話說嚴貢生因立嗣興訟,府、縣都告輸了,司裡又不睬,隻得飛奔到京。想冒認周學台的親戚,到部裡告狀,一向來到京師。周學道已升做國子監司業了。大著膽,竟寫一個“眷姻晚生”的帖,門上去投。長班傳進帖,周司業內心迷惑,並冇有這個親戚。正在沈吟,長班又送進一個抄本,禿頂名字,冇有稱呼,上麵寫著“範進”。周司業曉得是廣東拔取的,現在中了,來京會試,便叫快請出去。範收支去,口稱恩師,伸謝不已。周司業雙手扶起,讓他坐下,開口就問:“賢契同親,有個甚麼姓嚴的貢生麼?他方纔拿姻家帖子來拜門生,長班問他,說是廣東人,門生卻未曾有這門親戚。”範進道:“方纔門人見過,他是高要縣人,同敝處周老先生是親戚,隻不知教員但是一家?”周司業道:“雖是同姓,卻未曾序過,這等看起來,不相乾了。”即傳長班出去叮嚀道:“你去處那嚴貢生說,衙門有公事,不便請見,尊帖也帶了歸去罷。”長班應諾歸去了。

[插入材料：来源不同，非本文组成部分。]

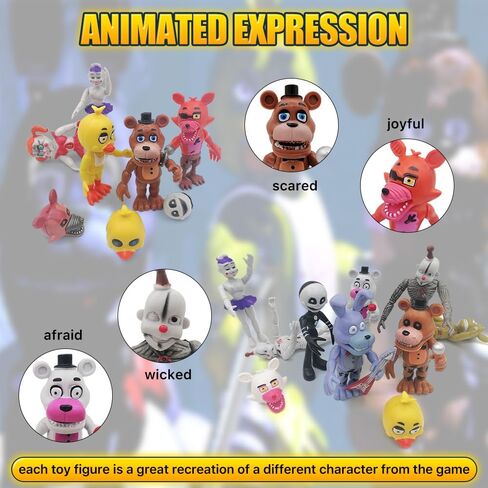 Action Figure Toy, 18 Pcs Game Figures Toys, Movable Joints Toys Dolls, Collectible Figure Gifts for Kids and Cake Toppers in Saudi Arabia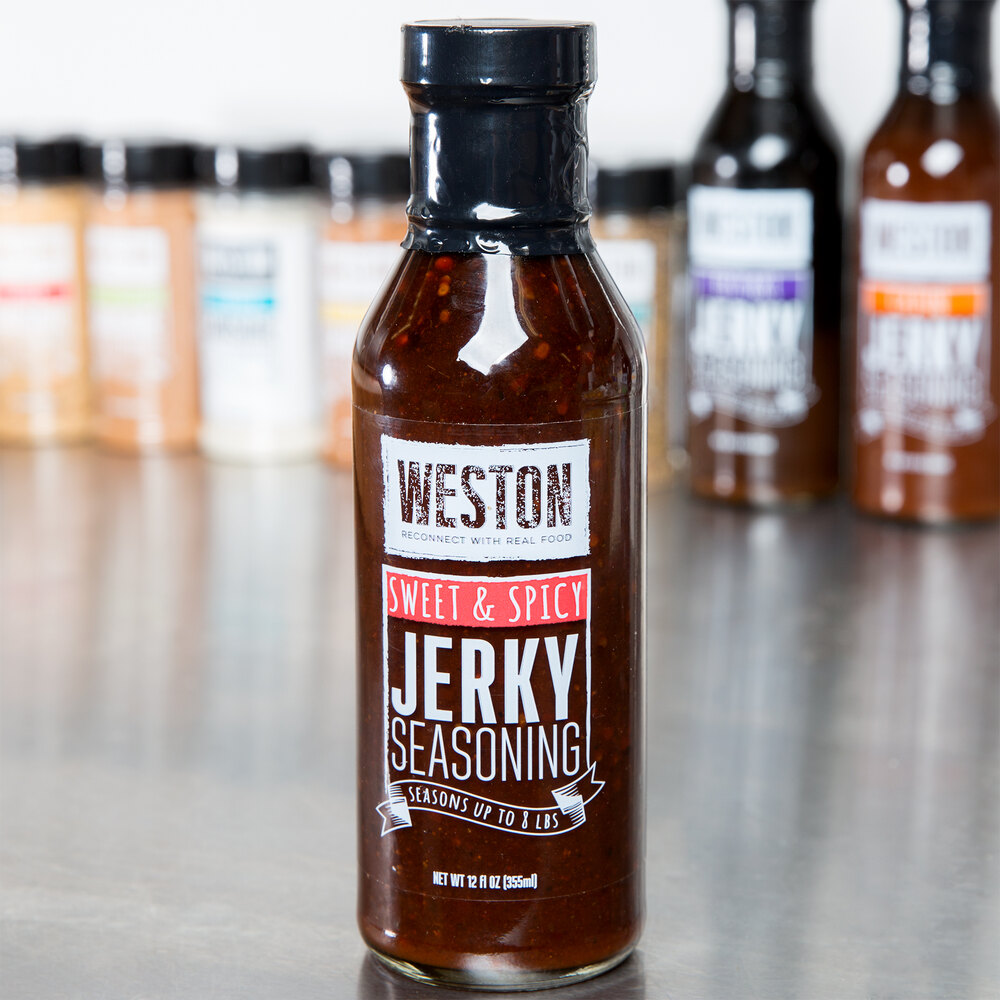 Weston 020023W 12 oz. Sweet & Spicy Liquid Jerky Seasoning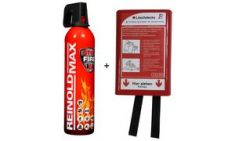 REINOLD MAX brandblus-spray 'STOP FIRE' + blusdeken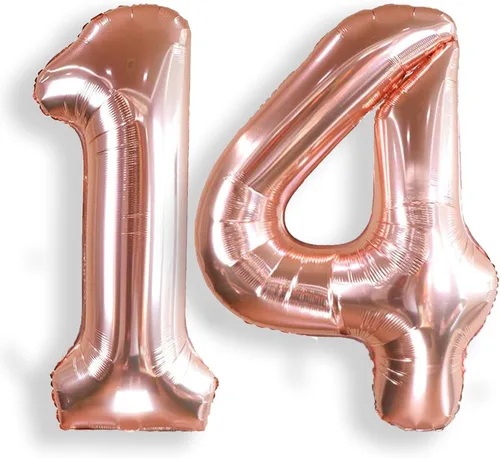 Miniatura 46 de AULE Globos grandes de 40 pulgadas con números 0 azules, globos grandes de números de aluminio, decoraciones de fiesta de cumpleaños de helio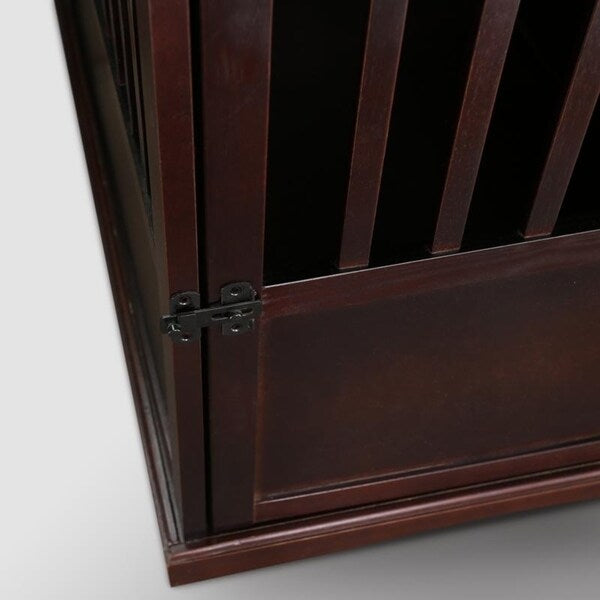 Table d'appoint en bois pour cage pour animaux de compagnie avec porte verrouillable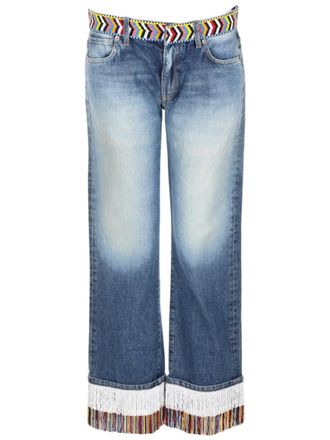 Alanui Multicolor Regular Mid Rise Jeans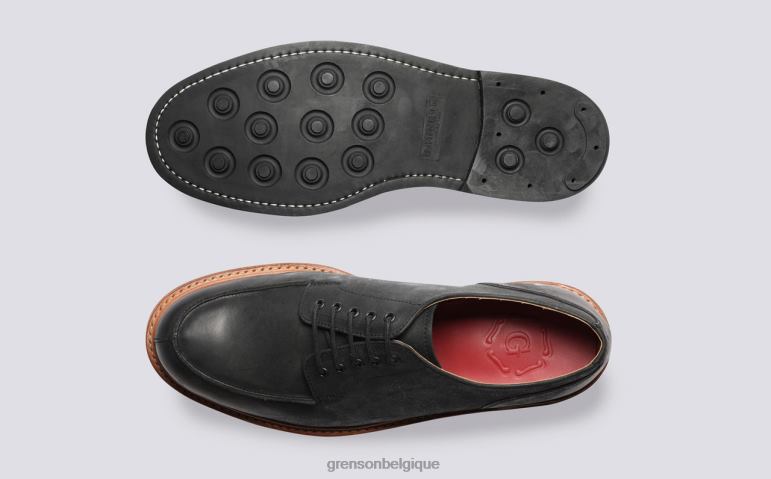 Hommes Grenson noir Mac chaussures derby HL6R8165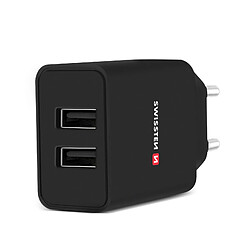 Chargeur Secteur Double USB 2.1A Smart IC + Câble USB-C Swissten Noir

荀玫才走出來。剛好遇著梅玖還站在轅門外。荀玫忍不住問道:“梅先生,你幾時從過我們周先生讀書?”梅玖道:“你後生家那邊曉得?想著我從先生時。你還未曾出世!先生當時在城裡教書,教的都是縣門口房科家的館。厥後下鄉來,你們上學,我已是進過了,以是你不曉得。先生最喜好我的,說是我的文章有才華,就是有些分歧端方。方纔學台批我的卷子上也是這話。可見會看文章的都是這個講究,一絲也不得差。你可曉得,學台何難把俺考在三等中間,隻是不得發落,不能見麵了,特地把我考在這名次,以便當堂發落,說出周先生的話,明賣個情。以是把你進個案首,也是為此。俺們做文章的人,凡事要看出人的細心,不成忽視過了。”兩人說著閒話,到了下處。次日送過宗師。雇牲口,一同回汶上縣薛家集。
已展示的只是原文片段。